* TO DO
In the entries below, begin at the line that has "Amethyst Butterfly Dangle", stop after the line that has "Swanson Malic Acid", and output those lines exactly with no pictures.

* DATA SUPPLIED
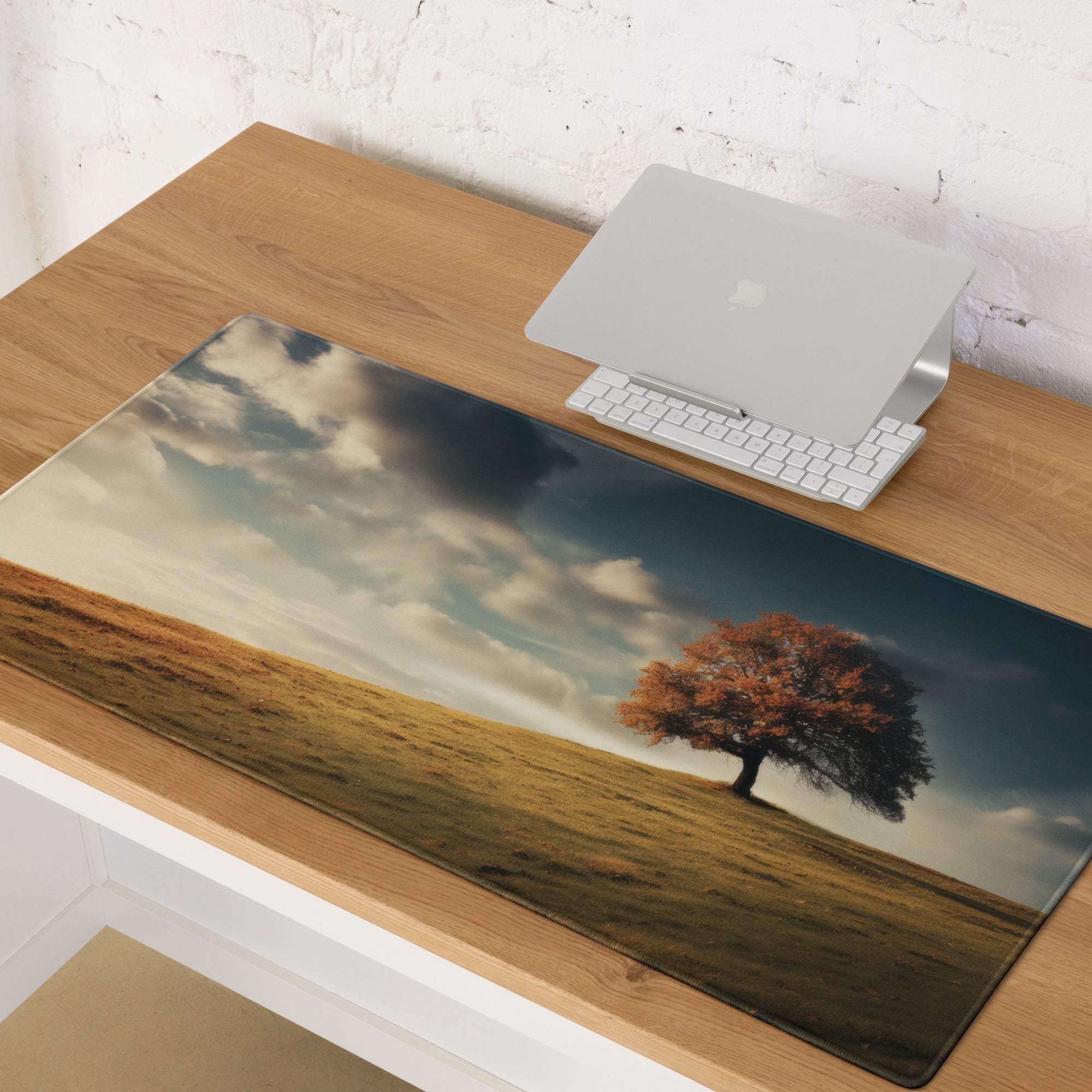 Autumn Landscape Serenity gaming mouse pad with orange tree on golden field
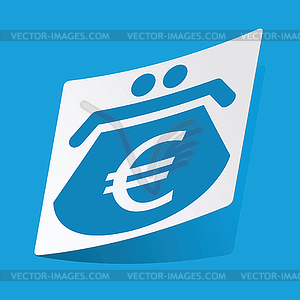 Euro purse sticker - vector clip art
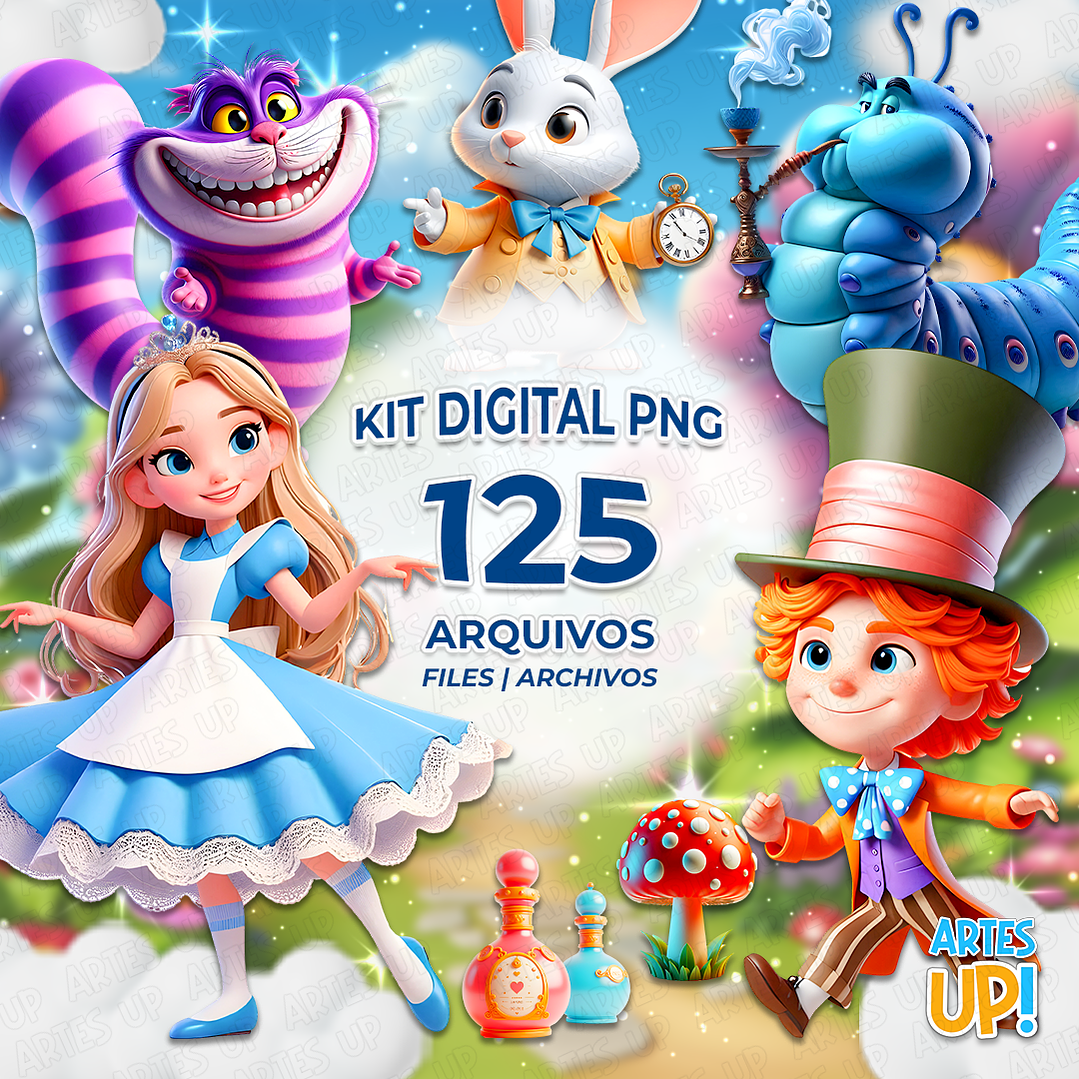 Kit Digital PNG Alice no País das Maravilhas Clipart 3D 1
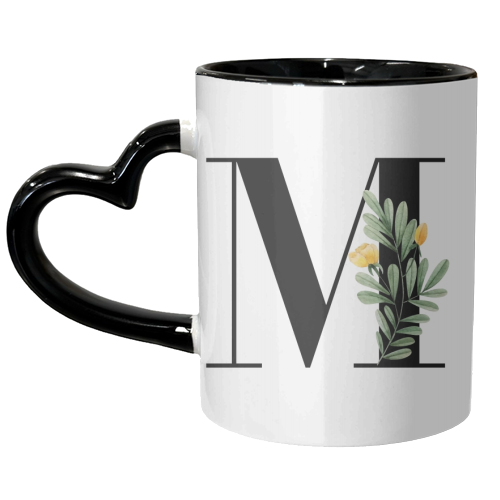 M Floral Letter Initial - unique mug by Toni Scott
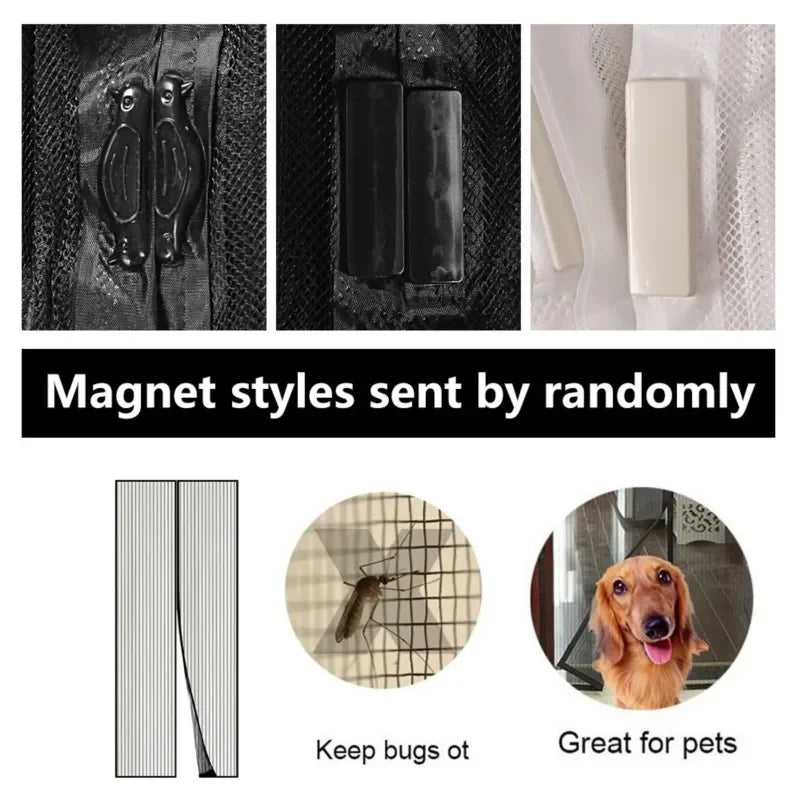 rideau moustiquaire magnétique porte noir maille fine opacité moderne adhésif clips inclusion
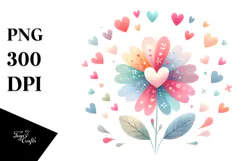 Colorful Boho Flower with Heart Petals PNG Product Image 1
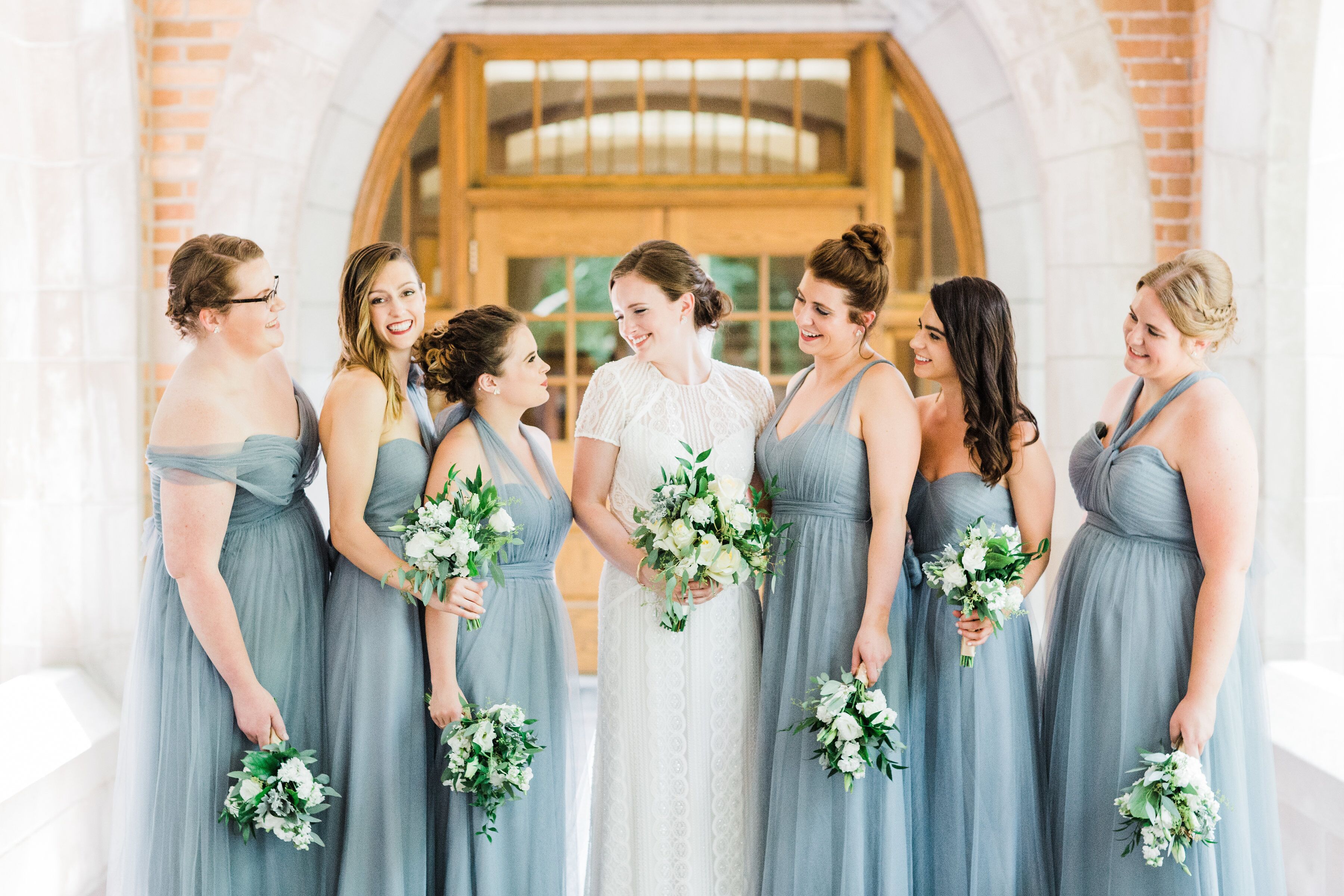 Slate blue sales bridesmaid dress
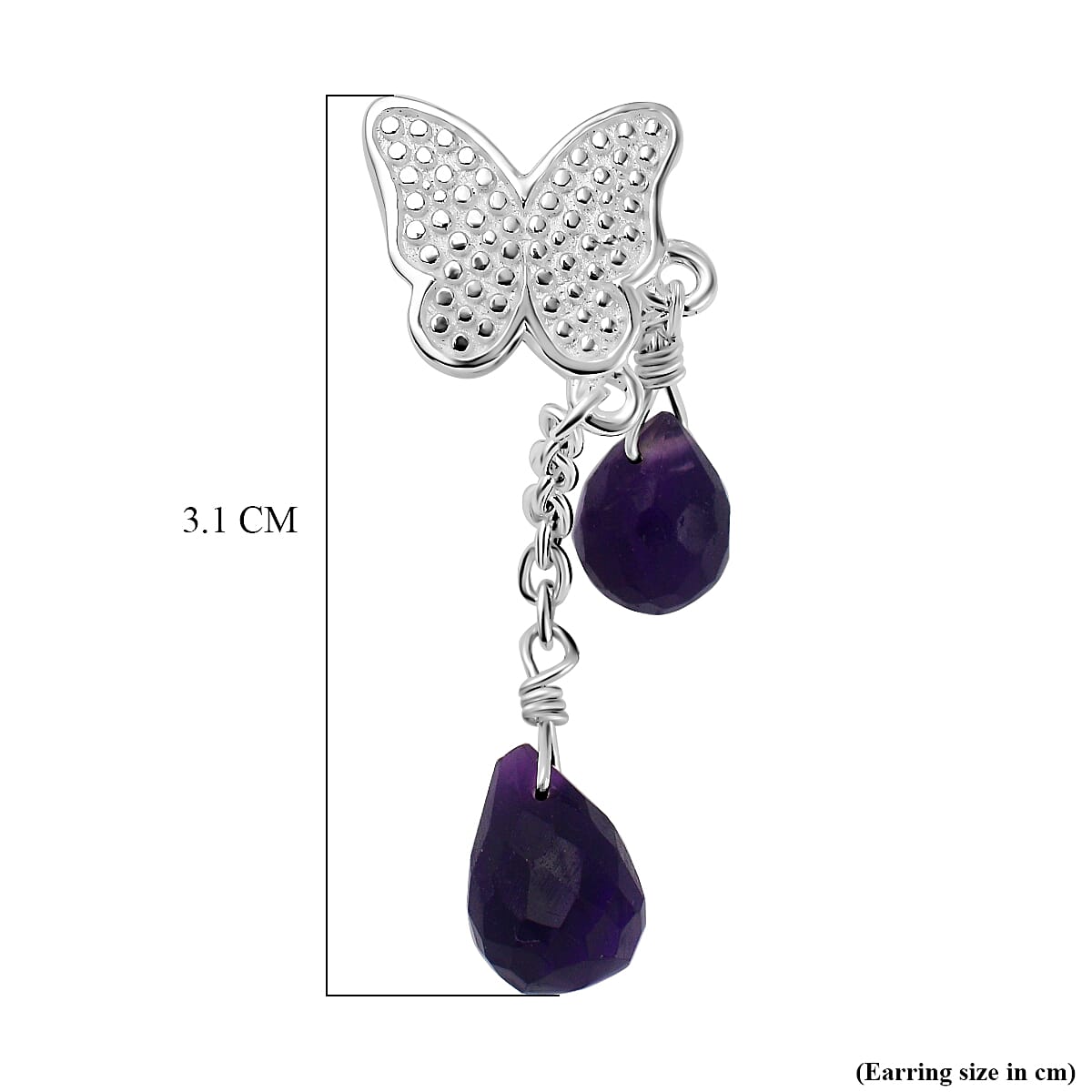 Amethyst Butterfly Dangle Earrings in Sterling Silver 8.50 Ct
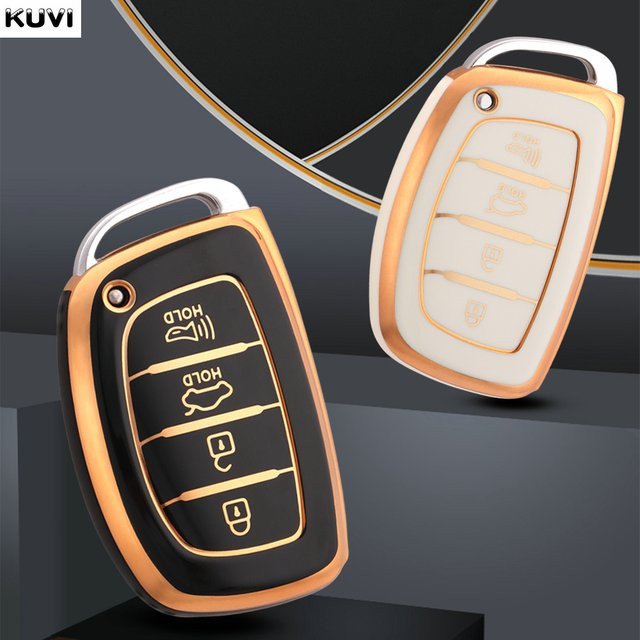 Kuvi TPU Smart Key Case Cover für Hyundai Ix35 Ix45 I10 I30 I40 Tucson Santa Fe Rena Sonata Elantra Creta Keyless Entry Fob mit 4 Tasten - Bild 1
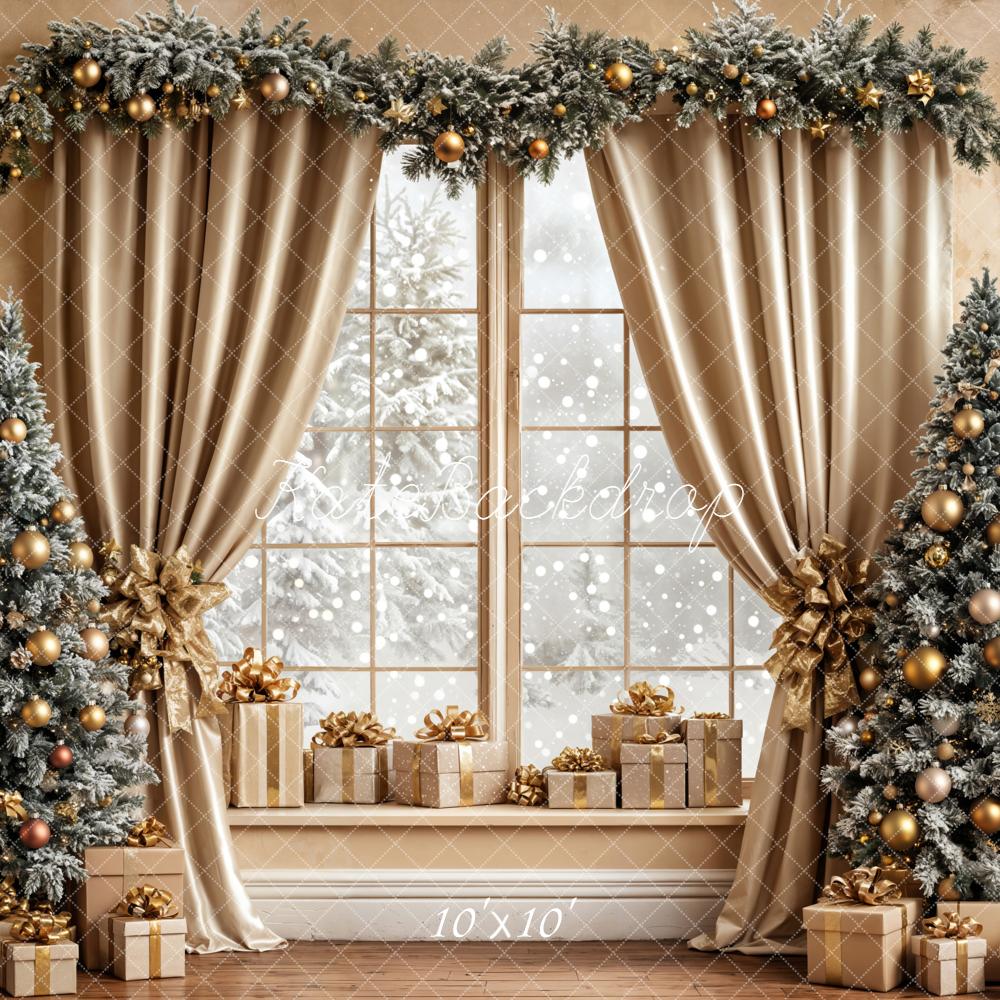 Kate Christmas Window Gold Curtains Backdrop Designed by Emetselch - Kate Backdrop AU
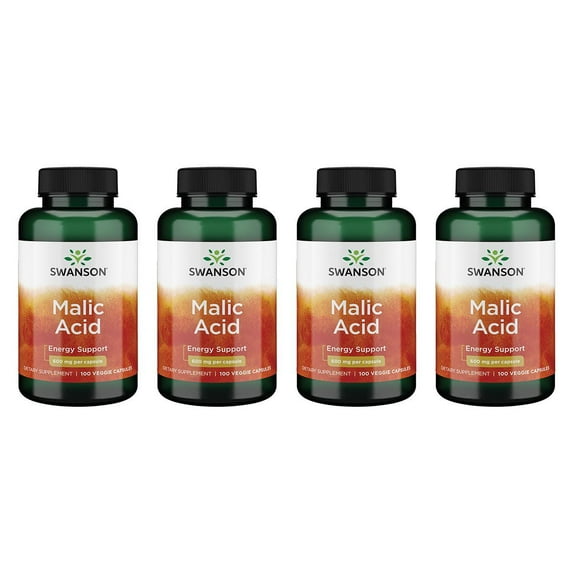 Swanson Malic Acid 600 mg 100 Veg Caps 4 Pack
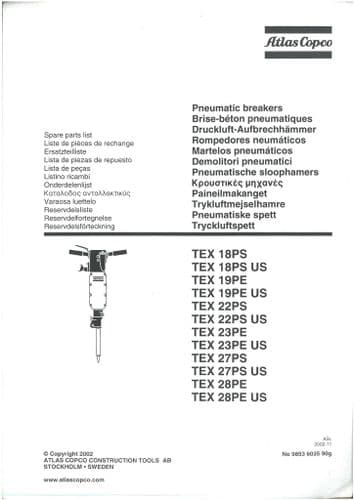 TEX Pneumatic Breaker 18PS (US) 19PE (US) 22PS (US) 23PE (US) 27PS (US) 28PE (US) Parts Manual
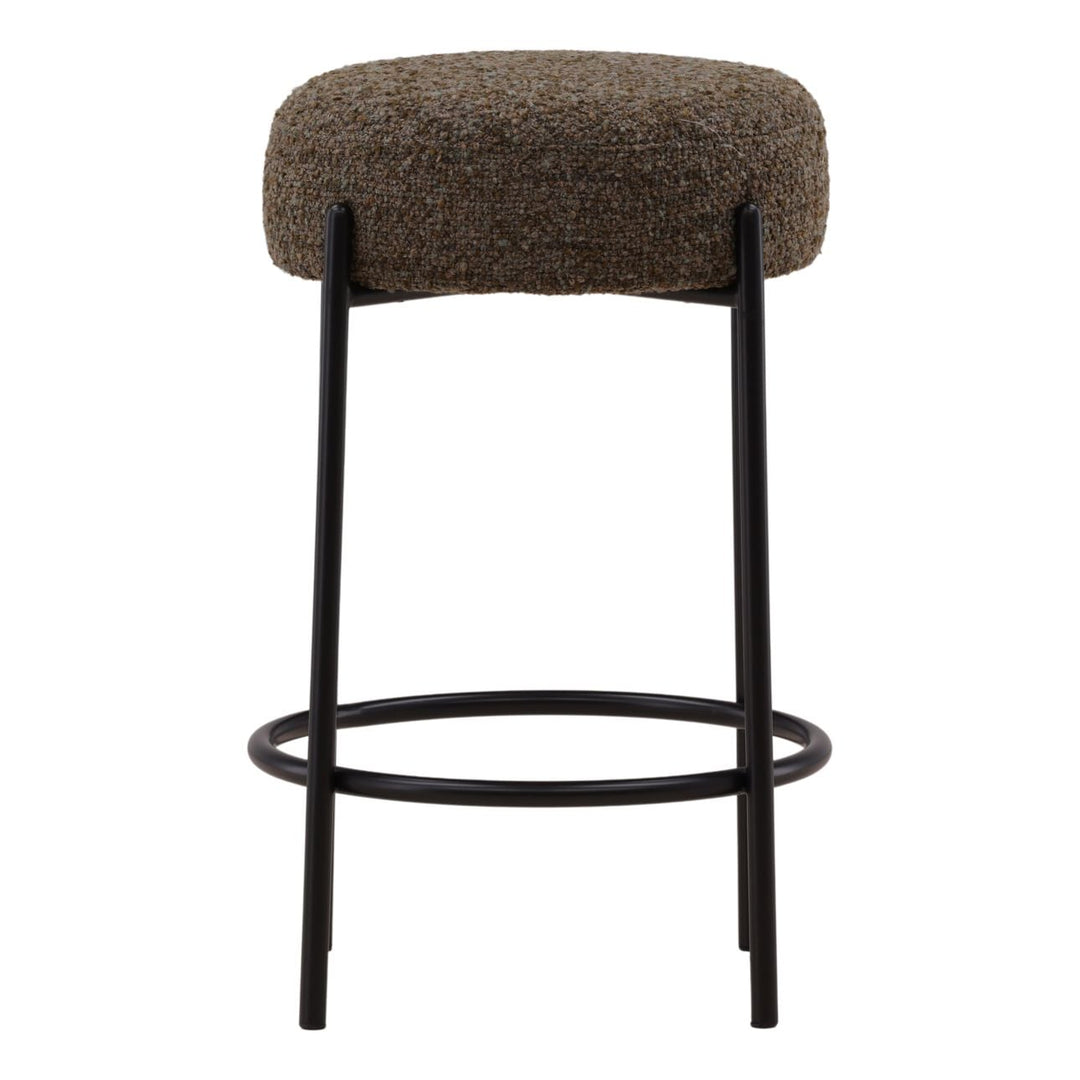 Becken Green Boucle Counter Stool, front view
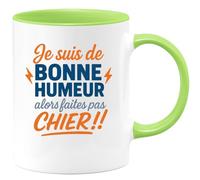 quotedazur - Mug Humour Personnalisé Je Suis De Bonne Humeur Alors Faites Pas Chier - Vert/Céramique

* SOLUTION FOR THIS TASK
 Amethyst Butterfly Dangle Earrings in Sterling Silver 8.50 Ct
 Kuvi TPU Smart Key Case Cover für Hyundai Ix35 Ix45 I10 I30 I40 Tucson Santa Fe Rena Sonata Elantra Creta Keyless Entry Fob mit 4 Tasten - Bild 1
 Kate Christmas Window Gold Curtains Backdrop Designed by Emetselch - Kate Backdrop AU
 Swanson Malic Acid 600 mg 100 Veg Caps 4 Pack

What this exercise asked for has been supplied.